The Tea Process
True tea comes from the plant Camellia sinensis; the word sinensis is Latin for China. Scientists decided upon the name Camellia sinensis in 1905 and it was then included in the International Code of Botanical Nomenclature. The tea plant is one of roughly 80 different species of the Camellia family. It is the only one that contains caffeine.
The Camellia sinensis plant has its roots in Central Asia. It is believed that this ancient plant probably survived the ice age on a plateau, possibly in Yunnan, China. The tea plant is an evergreen plant, meaning that it keeps its leaves throughout the seasons.
There are two primary varietals of Camellia sinensis and a third varietal that is a hybrid of the two primary varietals.
The most common varietal, which is responsible for the majority of the world’s tea production, is Camellia sinensis var. assamica. The assamica varietal was first cultivated in Central Asia. The name assamica refers to the state in India where Europeans first discovered it. The assamica varietal grows in warm, sub-tropical climates. Typically the leaves grow to be 4-10 inches in length. Although they are most often grown as bushes about 3 feet tall, the trees can grow to be 50 feet tall. The assamica plant grows rapidly in warm, humid conditions. Assamica tea is grown in India, Western China, Africa, Vietnam, Thailand, Turkey, Sri Lanka, and even in parts of South America. Assamica is mostly used for making black tea through the CTC (Cut Tear Curl) method of processing; it’s an extremely cheap and productive plant. At low elevations assamica plants can be harvested every 10 days year ‘round; at higher altitudes they are picked 5-7 times a year. Typically, assamica plants contain more caffeine and polyphenols than other tea varietals. Assamica teas can be very bitter and astringent if processed incorrectly or picked too early.
The second most common varietal is Camellia sinensis var. sinensis. This varietal has smaller leaves compared to the assamica plant. The leaves grow to 3-5 inches in length at maturity. In the wild, sinensis plants can grow to be 30 feet tall.
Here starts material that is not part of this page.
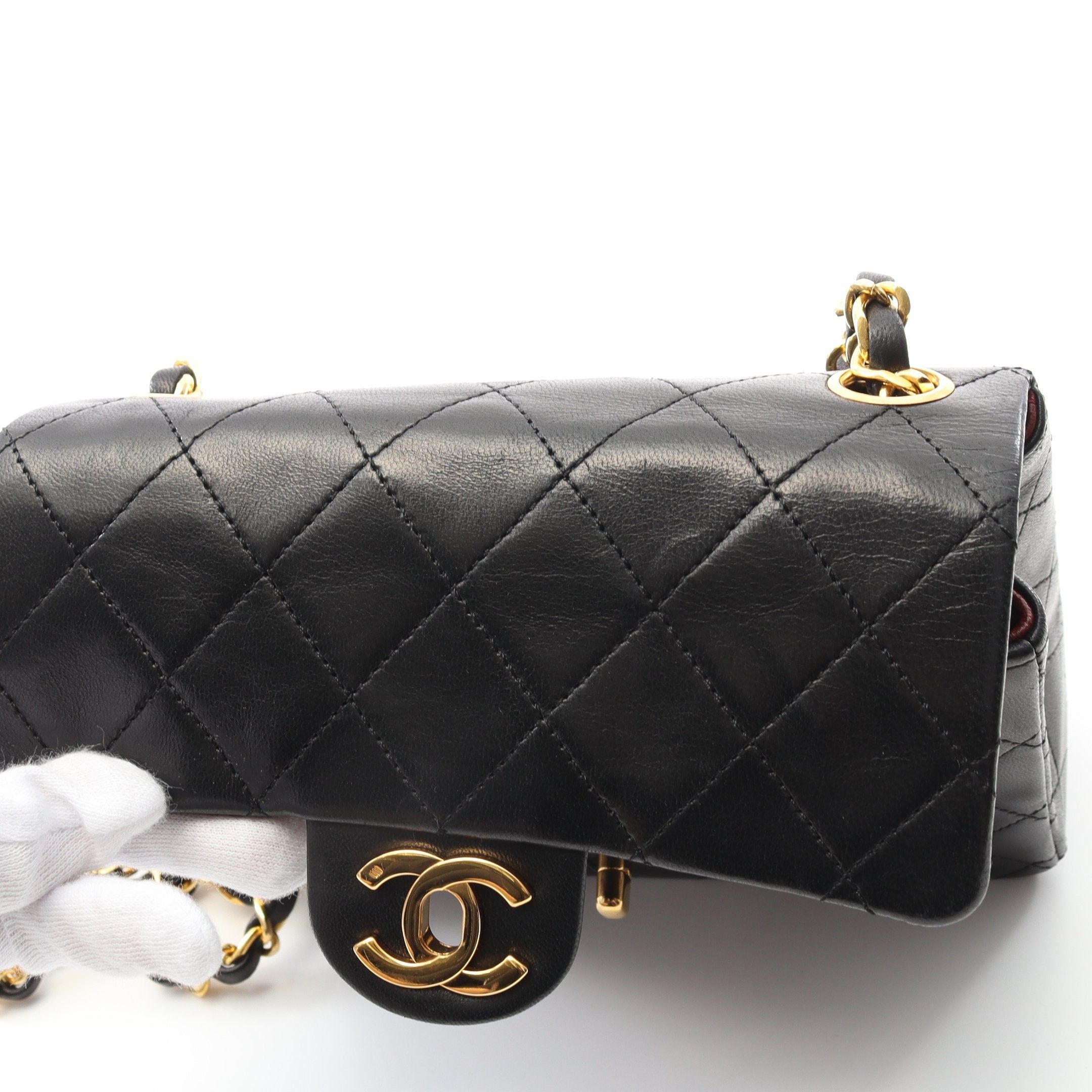 Chanel Chanel Mini Matelasse Chain Shoulder Bag Lambskin Black Gold Hardware Size ONE SIZE - 8 Thumbnail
They grow more slowly at higher altitudes. Sinensis plants grow throughout Central and Eastern China, Korea, Japan, and Taiwan. The slow growth cycle means that they are harvested only 4 or 5 times a year. Some sinensis plants can handle frost, but they are more productive and grow much more quickly in warmer weather. The best quality sinensis plants can absorb massive amounts of nitrogen from the soil and produce teas with large amounts of amino acids. These teas are unmatched in body and mouthfeel.
The third hybrid varietal Camellia sinensis var. cambodia is grown through Indonesia. It is very productive and pest resistant. Most tea from these plants is used for CTC teas. Intelligentsia doesn’t purchase this varietal due to its common, unremarkable quality.